WORK REQUIRED ▸
Your task is to output the listing exactly, leaving every image out.

INPUT RECORDS ▸
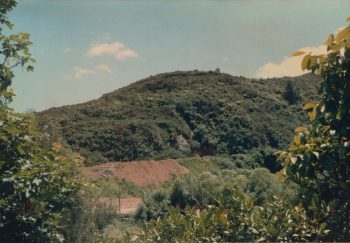 Wainuiomata Quarry - 1987 - Photographer: Jeremy Foster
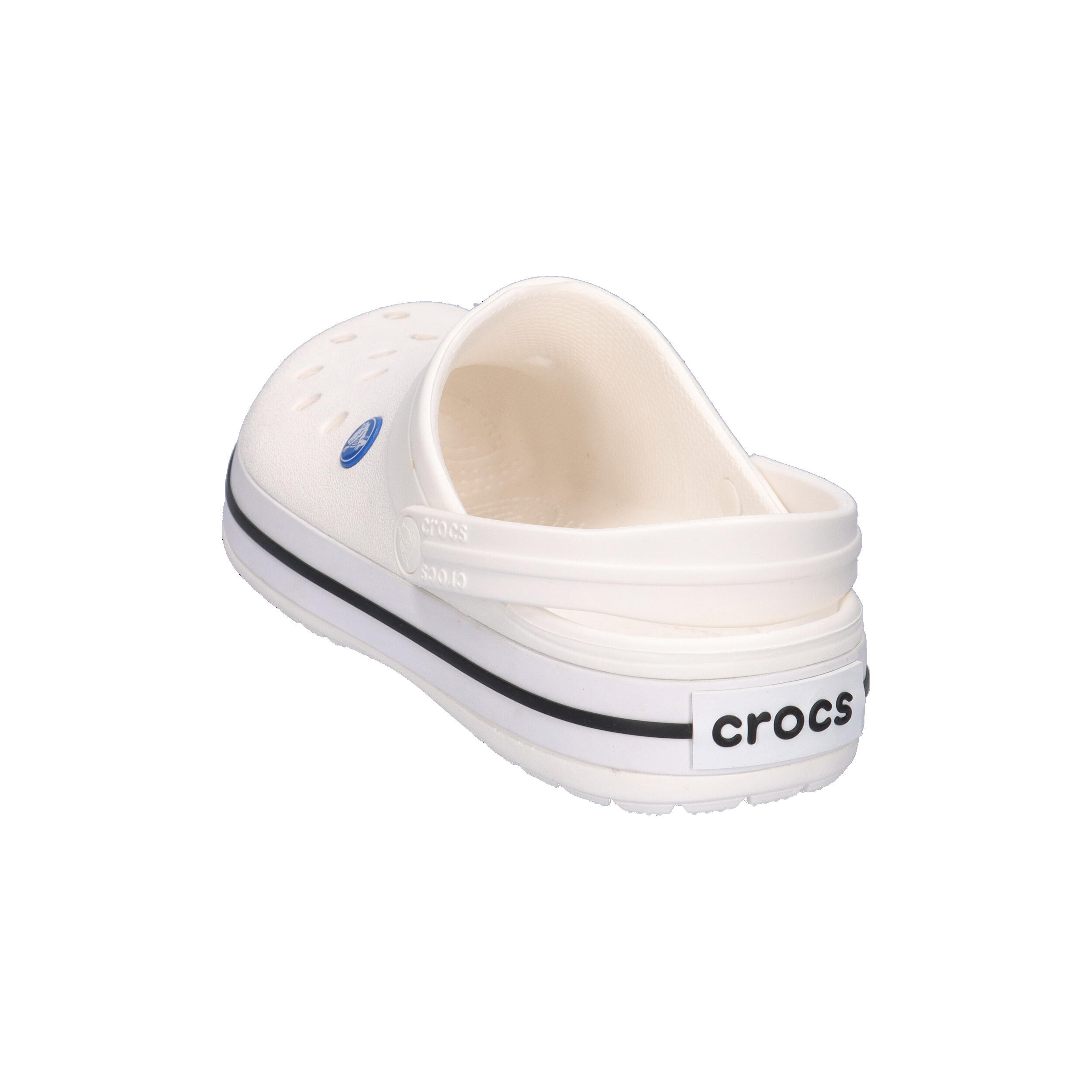 Japonki Crocs Crocband, Dla obu płci 12/15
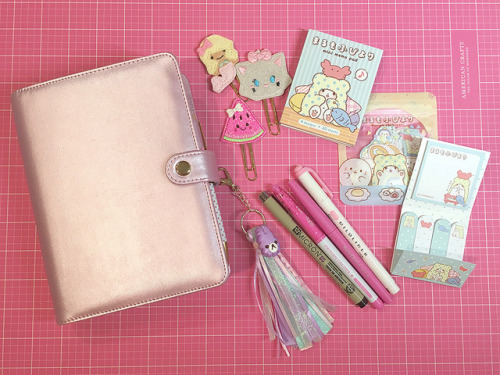 sckawaii:The SCK Team share our favourite kawaii journalling supplies so you can see which notebooks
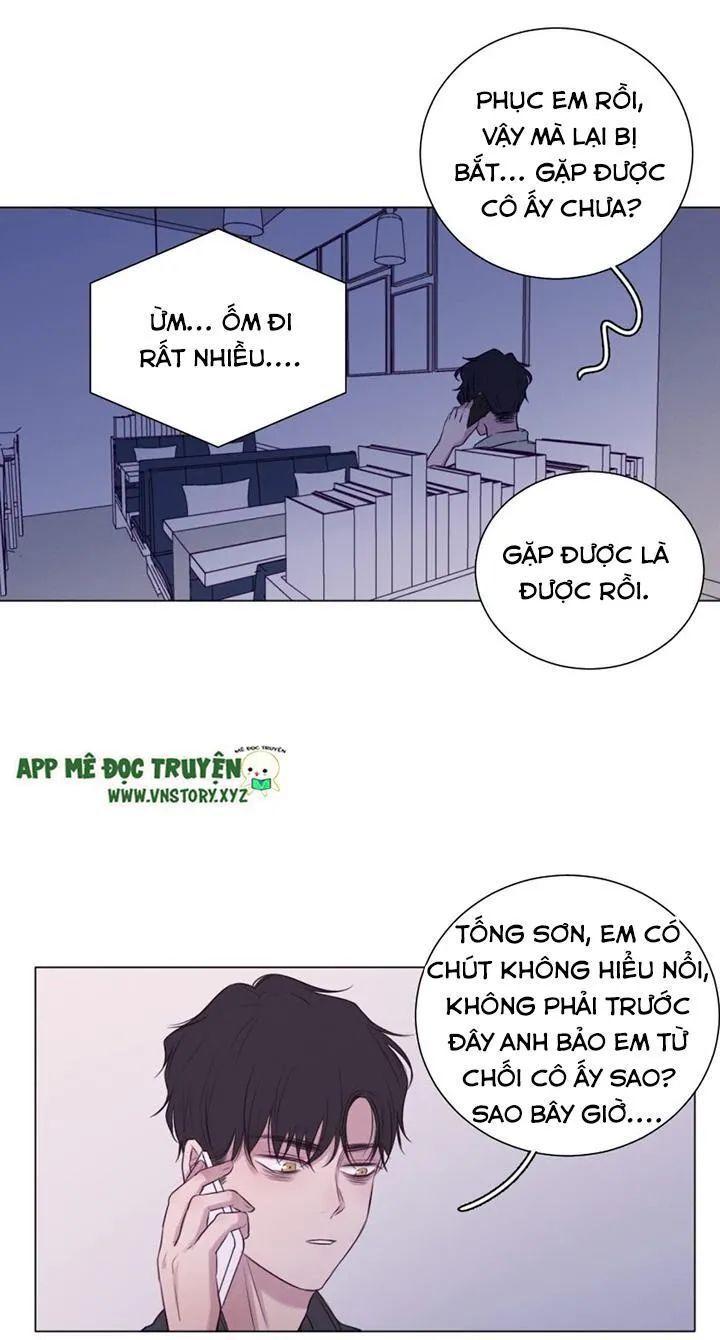 Chuyên Tình Yêu Của Ông Chú Cool Ngầu Chapter 58 - 13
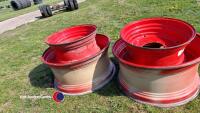 Fendt wheel rims, will fit 718/720/724. 2019 - 3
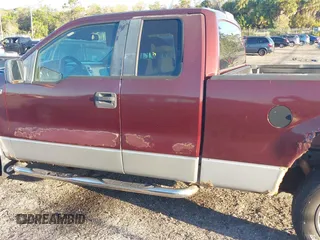 2009 Ford F-150 STX with VIN 1FTRX14869FB33803, listed as a IAAI auction lot 41773290 with 122,945 mi miles and . Bid and sale history available at DreamBid. Image 6.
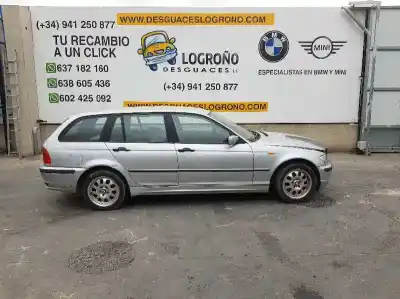 Утилизация автомобиля bmw 3 touring (e46) 320 d года 2002 питание 204d4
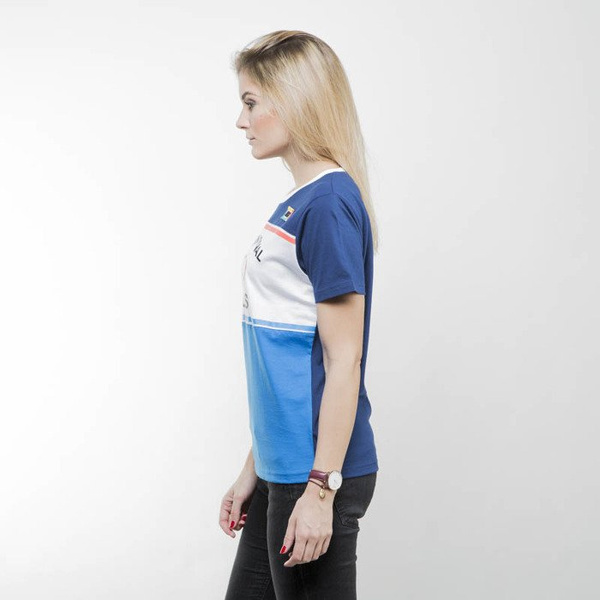 Koka koszulka Kings Highway Girls Ts navy / white / blue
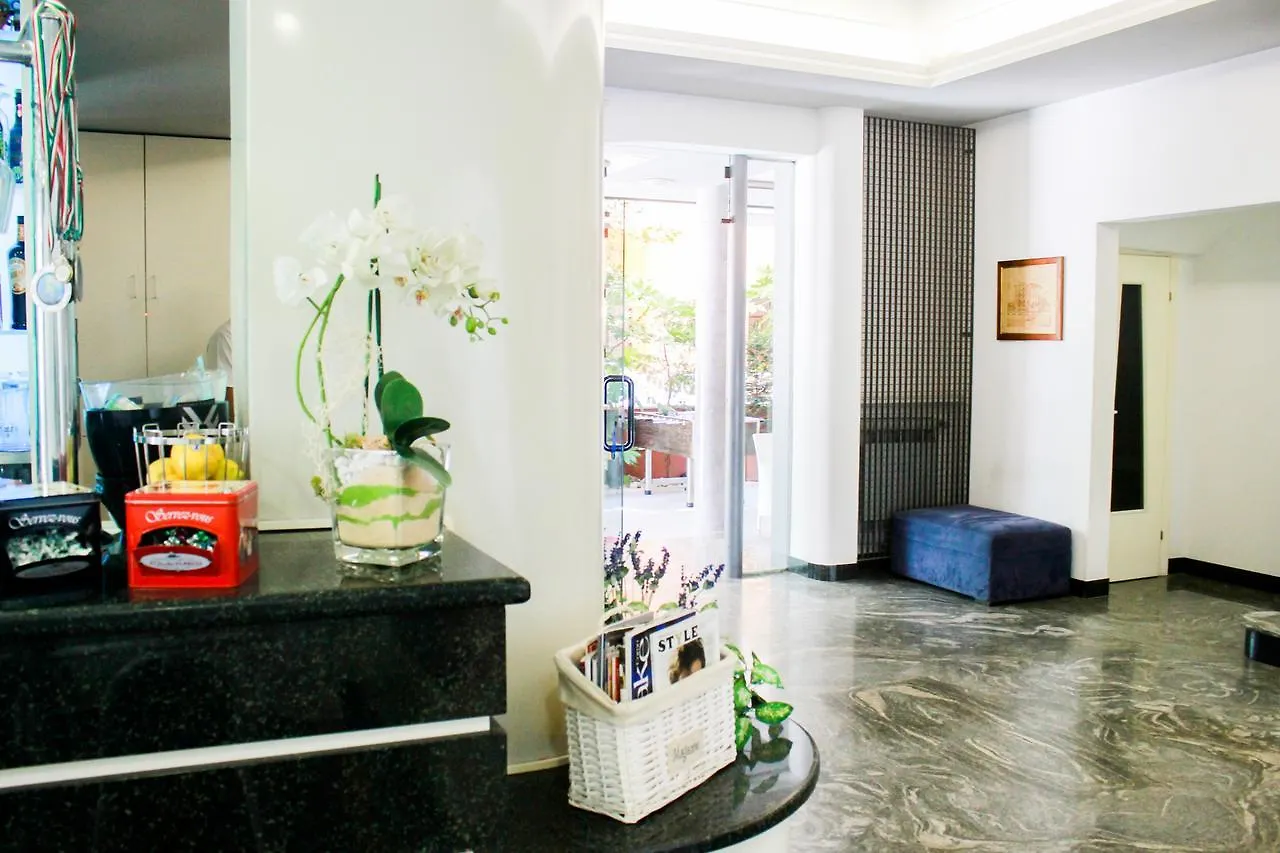 Hotel Della Motta Bellaria-Igea Marina 3*,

SOLUTION FOR THIS EXERCISE ▸
 Wainuiomata Quarry - 1987 - Photographer: Jeremy Foster
 Japonki Crocs Crocband, Dla obu płci 12/15
 sckawaii:The SCK Team share our favourite kawaii journalling supplies so you can see which notebooks
 Chuyên Tình Yêu Của Ông Chú Cool Ngầu Chapter 58 - 13
 Fendt wheel rims, will fit 718/720/724. 2019 - 3
 2009 Ford F-150 STX with VIN 1FTRX14869FB33803, listed as a IAAI auction lot 41773290 with 122,945 mi miles and . Bid and sale history available at DreamBid. Image 6.
 Утилизация автомобиля bmw 3 touring (e46) 320 d года 2002 питание 204d4
 Koka koszulka Kings Highway Girls Ts navy / white / blue
 Hotel Della Motta Bellaria-Igea Marina 3*,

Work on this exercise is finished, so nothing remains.